Pretty much anybody who is anybody in tennis will be in Dubai over the next couple of weeks in one of the biggest of the non-Grand Slam tournaments. The $2 million Dubai Duty Free Tennis Championships is certainly a big deal.
Eight of the top ten ranked men will be in the city, which has already become a serious sporting destination, while seven of the top ten women will also be there.
Interestingly, the women play in week one, starting on Monday, and then the men are in action in week two.
The respective winners of the recent Australian Open are ready to follow their success down under with a good showing in the Middle East.

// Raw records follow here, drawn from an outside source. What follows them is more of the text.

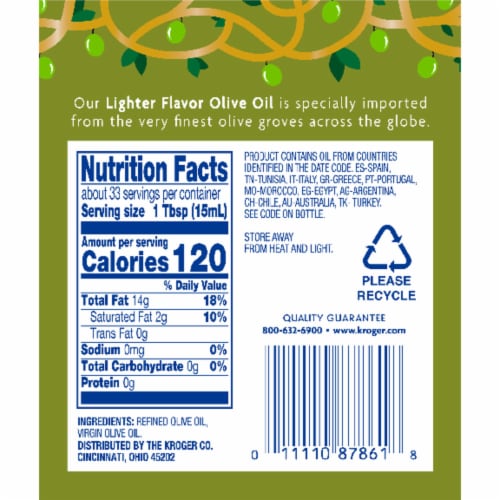 Kroger® Lighter Flavor Olive Oil Perspective: back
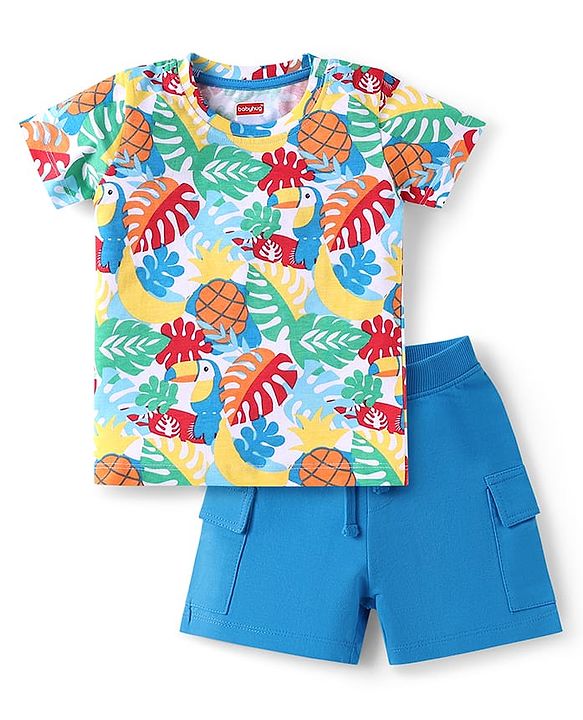 Babyhug Single Jersey Knit Half Sleeves T-Shirt & Shorts Set Toucan Print- White & Blue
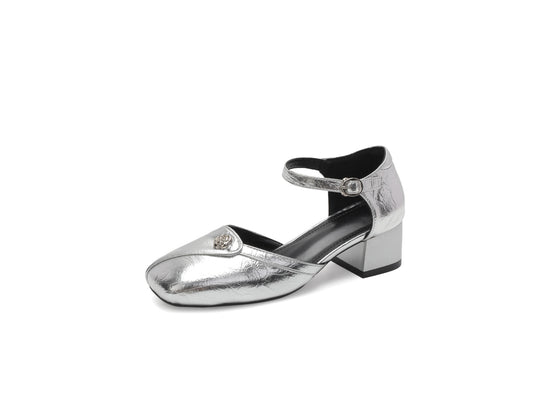 Damen elegante Ballerinas mit modischer Schnalle und goldenen Akzenten EB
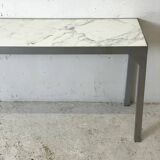 Metal and Carrara marble console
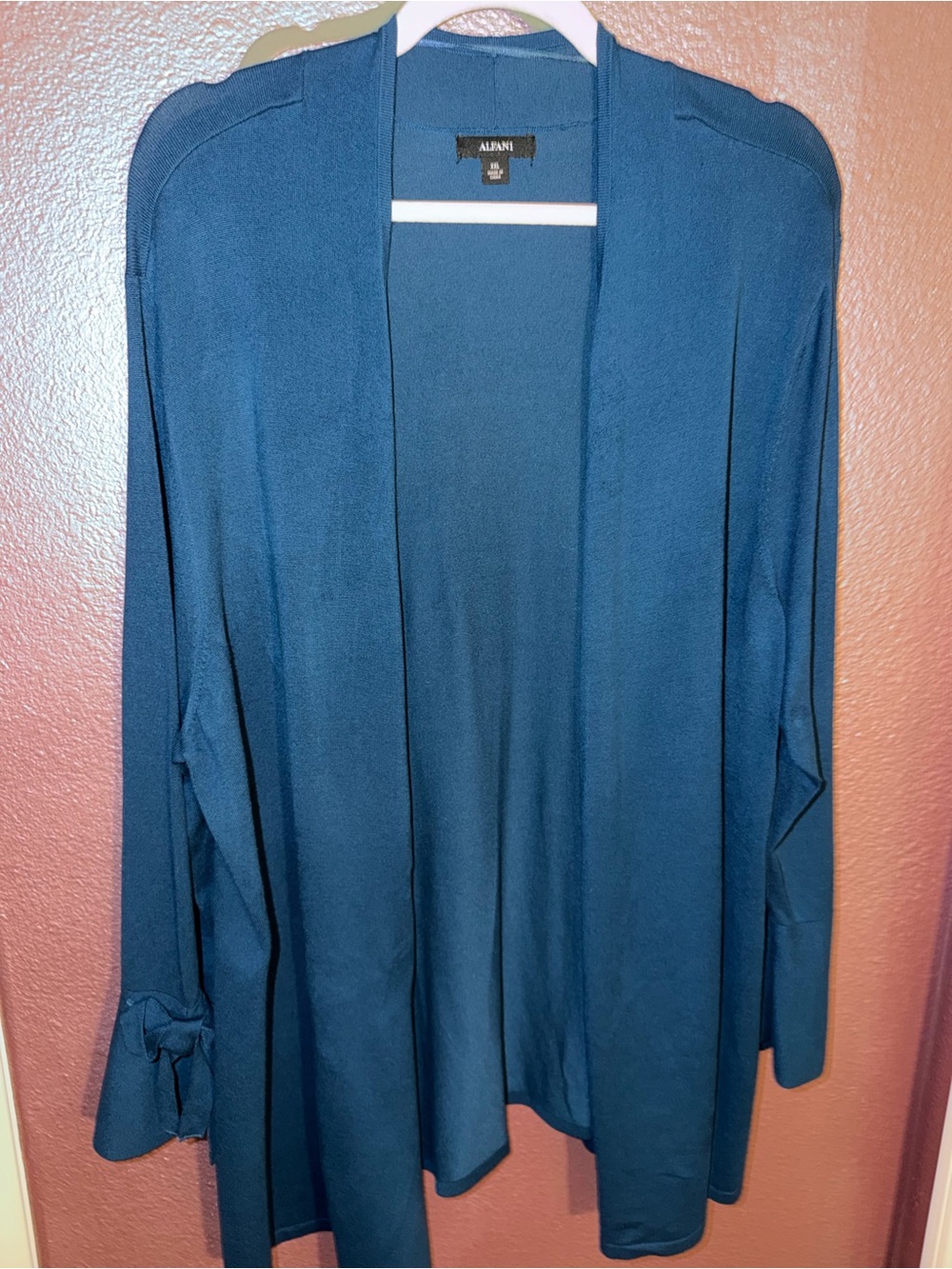 Alfani Teal-Blue Open Front Women's Cardigan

For the women, Justine Henin and Venus Williams have enjoyed themselves over the years, with four and two wins each respectively, but last year the crown went to Caroline Wozniacki.
The Dane was knocked off the number one spot just last month after her quest for a first Grand Slam win ended in failure in Melbourne. Now the number four in the world, she has her sights set on the winner of the Australian Open and the new number one, Victoria Azarenka of Belarus.
Wozniacki will have to do better than last week, when she was knocked out of the Qatar Open early by Lucie Safarova, despite having three match-points.
"I just want to get out of here. You don't want to stay when you lose a match like that," Wozniacki said, and added, “It's really disappointing but you have to move on.”
Azarenka returns to the Middle East in much better shape than she was a year ago when defeats in Doha and Dubai almost prompted her to quit the sport.
"My mum told me to come home and rest, and not be crazy about it,” she said. “And my gran pointed out there are things so much harder in life than tennis matches.”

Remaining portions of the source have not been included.